I remember being asked once if someone was tall or short, dark or light. But from my particular place in the world, pretty much anyone over 14 is tall, and anyone who isn’t a tow-headed blond is at least as dark than I am. So I described the person in question as tall and dark and was later chided because they were of average height and complexion. I had told the truth from my own perspective.

I observed another aspect of the relativity of truth when my mother started showing signs of Lewy Body dementia. Those who have Lewy Body dementia seem to have trouble telling dreams from reality and they tend to misinterpret stimuli. A dream about a power strip catching on fire was so real that my mother poured water on it and told me not to worry about the smell of smoke. (Try being awakened at 3 a.m. by that kind of “reassurance!”) A robe hanging on the back of the bathroom door became person to her—a person who failed to regain consciousness when she moved the robe to the bed. So she called 911 for help. Her reflection in a mirror became a stranger in a room beyond the wall. She couldn’t figure out why they were living with her, but they became an entire family who would leave the children with her when they went to work. She’d leave snacks out for the kids to eat.

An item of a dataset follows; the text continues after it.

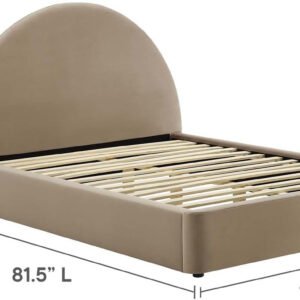 Modway Resort King Size Platform Bed with Arch Shaped Round Headboard in Taupeain-Resistant Performance Velvet King Bed, King Size Bed Frame, Soft Cloud Bed Frame, No Box Spring Needed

I learned very soon not to tell my mother the people she saw didn’t exist. I just told her I couldn’t see them. To her, their existence was truth, and my inability to see them was a simple fact she accepted without question.

And sometimes truths change over time. Once people believed that trees were inhabited by spirits, that nixies lived in the rivers, that fairies danced in the garden under the moon, leaving circles of toadstools to show where they danced. They accepted it as truth. We still can see those circles. Maybe we can’t see the fairies because we no longer believe in the truth of their existence.

On Seeing Half a Fairy Ring

So, what prosaic modern faeries danced last night
On an open lawn beside a cornfield
In East Central Illinois?

Musicians who in olden tymes
Played harps strung with spider web
Must now play fiddle and steel guitar
While they sing wild haunting melodies
'Bout truckin and drinkin beer
Made from honeysuckle like their wines of eld.

Do they yet wear gauzy flowing medieval robes,
Or do they dress in Levis, cowboy boots and Caterpillar caps
And clog around the circle
Left to warn away nosy humankind?

And was the circle left unfinished
Because a few minutes after midnight,
They heard a hot tip
On grain futures and pork bellies to invest
Their hidden treasures in?

No matter. For the day after they danced
The farmer’s son rode by on his tractor
And mowed down all their toadstools.